(Data entries)
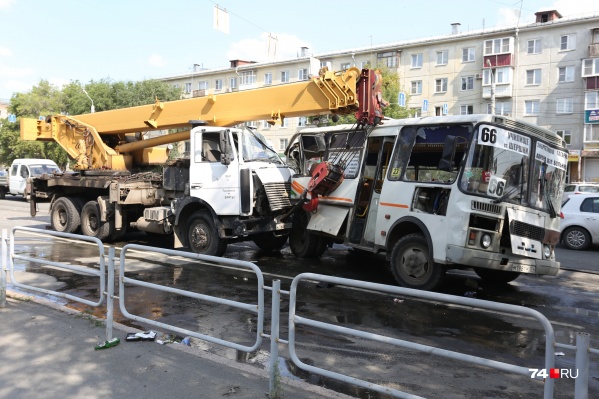 К трагедии, по предварительной версии, привёл отказ тормозов у автокрана К трагедии, по предварительной версии, привёл отказ тормозов у автокрана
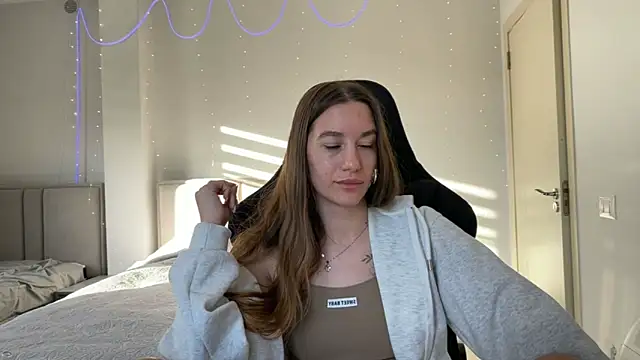 PrincesSsLilu online show from 05/17/26, 04:43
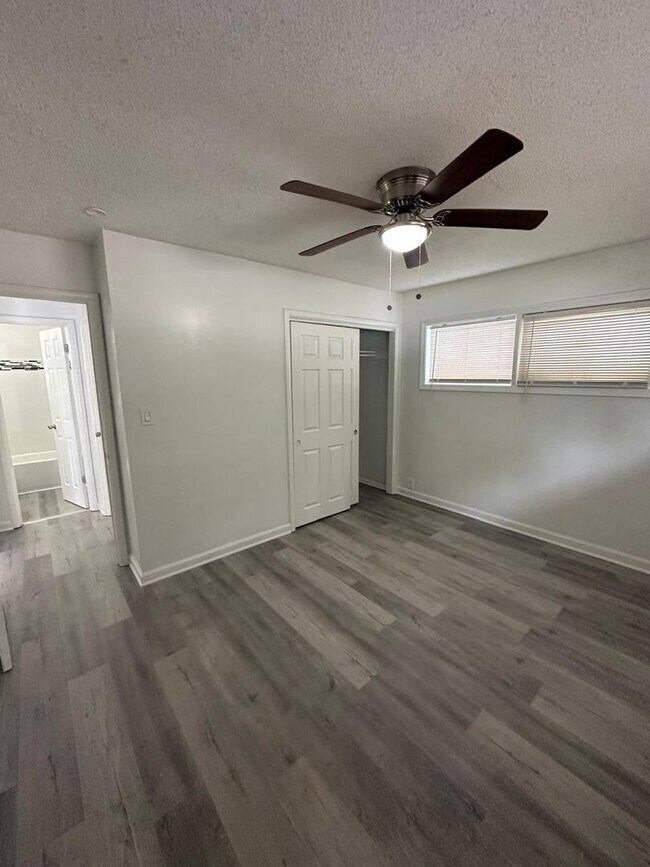 Building Photo - 4 bedroom 1 bath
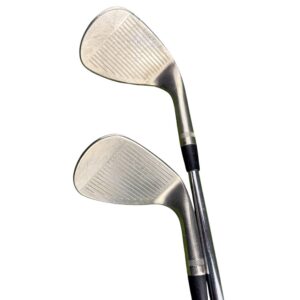 Titleist SM9 Wedges Sw 54°.12D & Lw 58°.08M / Dynamic Gold R300 95 Regular / Left Hand 1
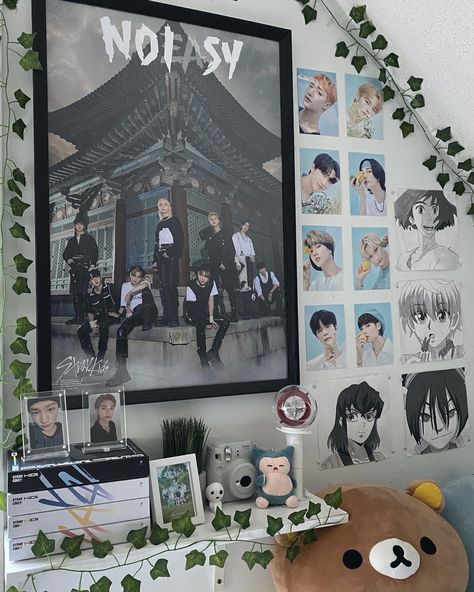 Stray Kids Room Ideas, Kpop Room Decor, Kpop Room, Chill Room, Pinterest Room Decor, Cute Room Ideas, Aesthetic Rooms, Pretty Room, Room Design Bedroom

WORK ITEM: From the line containing "Titleist SM9 Wedges" through the last line of the records, both included, output those lines exactly and nothing else; skip the pictures.

EXERCISE RESPONSE:
 Titleist SM9 Wedges Sw 54°.12D & Lw 58°.08M / Dynamic Gold R300 95 Regular / Left Hand 1
 Stray Kids Room Ideas, Kpop Room Decor, Kpop Room, Chill Room, Pinterest Room Decor, Cute Room Ideas, Aesthetic Rooms, Pretty Room, Room Design Bedroom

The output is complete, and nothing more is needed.